═════ Supplied data
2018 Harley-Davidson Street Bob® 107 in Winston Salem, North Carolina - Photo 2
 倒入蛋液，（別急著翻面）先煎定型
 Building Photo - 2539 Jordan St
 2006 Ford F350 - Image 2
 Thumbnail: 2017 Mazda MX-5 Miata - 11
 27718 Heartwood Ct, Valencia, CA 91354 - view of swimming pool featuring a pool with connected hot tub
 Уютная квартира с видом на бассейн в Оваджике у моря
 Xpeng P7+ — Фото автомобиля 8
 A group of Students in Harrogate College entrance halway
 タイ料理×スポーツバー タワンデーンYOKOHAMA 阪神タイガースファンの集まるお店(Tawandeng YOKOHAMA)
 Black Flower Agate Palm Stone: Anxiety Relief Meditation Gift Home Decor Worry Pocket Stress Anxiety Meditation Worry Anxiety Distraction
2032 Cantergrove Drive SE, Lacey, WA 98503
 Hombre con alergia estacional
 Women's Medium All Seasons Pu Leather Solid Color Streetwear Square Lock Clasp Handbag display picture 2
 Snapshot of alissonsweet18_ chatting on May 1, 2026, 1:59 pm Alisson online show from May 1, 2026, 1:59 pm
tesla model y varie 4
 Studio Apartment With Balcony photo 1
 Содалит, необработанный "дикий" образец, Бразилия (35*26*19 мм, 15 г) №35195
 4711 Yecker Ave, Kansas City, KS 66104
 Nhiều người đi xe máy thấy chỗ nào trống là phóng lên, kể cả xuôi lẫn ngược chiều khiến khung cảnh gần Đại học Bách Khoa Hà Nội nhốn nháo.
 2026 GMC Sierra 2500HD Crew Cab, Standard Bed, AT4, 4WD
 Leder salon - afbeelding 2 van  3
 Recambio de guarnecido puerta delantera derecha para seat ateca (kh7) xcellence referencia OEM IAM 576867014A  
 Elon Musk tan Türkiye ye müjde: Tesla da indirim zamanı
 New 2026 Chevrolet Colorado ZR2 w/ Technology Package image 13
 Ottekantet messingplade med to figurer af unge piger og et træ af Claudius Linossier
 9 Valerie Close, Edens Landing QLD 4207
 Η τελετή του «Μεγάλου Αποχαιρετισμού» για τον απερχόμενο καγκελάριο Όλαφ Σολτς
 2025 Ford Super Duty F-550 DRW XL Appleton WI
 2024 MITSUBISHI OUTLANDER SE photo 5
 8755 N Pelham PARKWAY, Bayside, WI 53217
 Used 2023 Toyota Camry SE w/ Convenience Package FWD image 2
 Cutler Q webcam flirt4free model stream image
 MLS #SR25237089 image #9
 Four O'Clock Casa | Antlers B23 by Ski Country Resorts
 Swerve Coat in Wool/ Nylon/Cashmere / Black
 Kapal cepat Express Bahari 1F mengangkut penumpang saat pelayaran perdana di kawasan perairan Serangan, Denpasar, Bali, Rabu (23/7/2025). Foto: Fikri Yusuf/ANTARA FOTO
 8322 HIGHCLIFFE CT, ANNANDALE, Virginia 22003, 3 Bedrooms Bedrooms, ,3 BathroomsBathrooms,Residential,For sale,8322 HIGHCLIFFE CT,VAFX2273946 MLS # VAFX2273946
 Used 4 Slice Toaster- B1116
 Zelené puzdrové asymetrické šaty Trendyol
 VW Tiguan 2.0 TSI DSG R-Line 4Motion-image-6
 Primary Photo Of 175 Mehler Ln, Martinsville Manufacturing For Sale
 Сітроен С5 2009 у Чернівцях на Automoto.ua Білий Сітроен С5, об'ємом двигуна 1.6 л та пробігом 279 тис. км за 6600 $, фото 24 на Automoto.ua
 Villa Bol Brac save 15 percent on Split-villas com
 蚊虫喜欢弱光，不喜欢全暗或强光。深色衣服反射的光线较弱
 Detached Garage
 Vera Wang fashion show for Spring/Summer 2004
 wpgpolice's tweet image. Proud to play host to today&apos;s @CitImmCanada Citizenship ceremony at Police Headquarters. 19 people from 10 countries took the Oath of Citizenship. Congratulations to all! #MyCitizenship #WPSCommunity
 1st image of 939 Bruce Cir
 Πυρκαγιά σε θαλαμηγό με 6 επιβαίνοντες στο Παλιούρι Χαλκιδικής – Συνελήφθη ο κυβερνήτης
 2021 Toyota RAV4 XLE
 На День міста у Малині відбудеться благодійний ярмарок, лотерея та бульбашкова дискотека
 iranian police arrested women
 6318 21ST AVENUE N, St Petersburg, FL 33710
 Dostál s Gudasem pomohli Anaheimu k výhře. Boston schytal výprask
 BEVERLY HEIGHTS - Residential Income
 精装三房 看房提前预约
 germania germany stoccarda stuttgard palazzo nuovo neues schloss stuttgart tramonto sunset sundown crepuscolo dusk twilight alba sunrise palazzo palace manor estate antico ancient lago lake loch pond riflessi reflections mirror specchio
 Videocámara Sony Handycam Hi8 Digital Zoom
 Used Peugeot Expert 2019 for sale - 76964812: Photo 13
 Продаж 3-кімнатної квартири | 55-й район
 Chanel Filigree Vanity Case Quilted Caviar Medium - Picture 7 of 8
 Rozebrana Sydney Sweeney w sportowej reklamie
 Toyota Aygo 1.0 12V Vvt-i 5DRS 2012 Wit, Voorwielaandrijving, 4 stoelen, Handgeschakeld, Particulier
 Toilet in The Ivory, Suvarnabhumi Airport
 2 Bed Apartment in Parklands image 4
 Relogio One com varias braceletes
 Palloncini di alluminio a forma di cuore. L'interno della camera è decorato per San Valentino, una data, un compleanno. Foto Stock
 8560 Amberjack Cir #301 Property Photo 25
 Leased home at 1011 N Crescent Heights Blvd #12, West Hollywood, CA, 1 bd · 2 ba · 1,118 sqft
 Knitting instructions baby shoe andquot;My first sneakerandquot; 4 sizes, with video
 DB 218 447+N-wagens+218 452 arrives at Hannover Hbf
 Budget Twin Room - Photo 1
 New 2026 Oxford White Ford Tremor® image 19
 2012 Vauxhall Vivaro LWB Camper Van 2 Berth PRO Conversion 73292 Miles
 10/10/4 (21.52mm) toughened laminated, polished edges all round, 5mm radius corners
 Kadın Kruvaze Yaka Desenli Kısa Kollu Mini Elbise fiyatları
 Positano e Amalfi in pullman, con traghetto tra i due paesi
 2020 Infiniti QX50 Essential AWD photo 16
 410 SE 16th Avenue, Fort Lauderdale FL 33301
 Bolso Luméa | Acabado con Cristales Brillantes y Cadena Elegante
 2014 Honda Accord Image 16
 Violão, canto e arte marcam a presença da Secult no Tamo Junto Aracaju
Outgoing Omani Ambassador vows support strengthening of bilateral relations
══════════
> About this task:
Beginning at the line with "Vera Wang fashion" and ending at the line with "2012 Vauxhall Vivaro", reproduce each line of the data above exactly, and add no other lines.

> Result of this exercise:
 Vera Wang fashion show for Spring/Summer 2004
 wpgpolice's tweet image. Proud to play host to today&apos;s @CitImmCanada Citizenship ceremony at Police Headquarters. 19 people from 10 countries took the Oath of Citizenship. Congratulations to all! #MyCitizenship #WPSCommunity
 1st image of 939 Bruce Cir
 Πυρκαγιά σε θαλαμηγό με 6 επιβαίνοντες στο Παλιούρι Χαλκιδικής – Συνελήφθη ο κυβερνήτης
 2021 Toyota RAV4 XLE
 На День міста у Малині відбудеться благодійний ярмарок, лотерея та бульбашкова дискотека
 iranian police arrested women
 6318 21ST AVENUE N, St Petersburg, FL 33710
 Dostál s Gudasem pomohli Anaheimu k výhře. Boston schytal výprask
 BEVERLY HEIGHTS - Residential Income
 精装三房 看房提前预约
 germania germany stoccarda stuttgard palazzo nuovo neues schloss stuttgart tramonto sunset sundown crepuscolo dusk twilight alba sunrise palazzo palace manor estate antico ancient lago lake loch pond riflessi reflections mirror specchio
 Videocámara Sony Handycam Hi8 Digital Zoom
 Used Peugeot Expert 2019 for sale - 76964812: Photo 13
 Продаж 3-кімнатної квартири | 55-й район
 Chanel Filigree Vanity Case Quilted Caviar Medium - Picture 7 of 8
 Rozebrana Sydney Sweeney w sportowej reklamie
 Toyota Aygo 1.0 12V Vvt-i 5DRS 2012 Wit, Voorwielaandrijving, 4 stoelen, Handgeschakeld, Particulier
 Toilet in The Ivory, Suvarnabhumi Airport
 2 Bed Apartment in Parklands image 4
 Relogio One com varias braceletes
 Palloncini di alluminio a forma di cuore. L'interno della camera è decorato per San Valentino, una data, un compleanno. Foto Stock
 8560 Amberjack Cir #301 Property Photo 25
 Leased home at 1011 N Crescent Heights Blvd #12, West Hollywood, CA, 1 bd · 2 ba · 1,118 sqft
 Knitting instructions baby shoe andquot;My first sneakerandquot; 4 sizes, with video
 DB 218 447+N-wagens+218 452 arrives at Hannover Hbf
 Budget Twin Room - Photo 1
 New 2026 Oxford White Ford Tremor® image 19
 2012 Vauxhall Vivaro LWB Camper Van 2 Berth PRO Conversion 73292 Miles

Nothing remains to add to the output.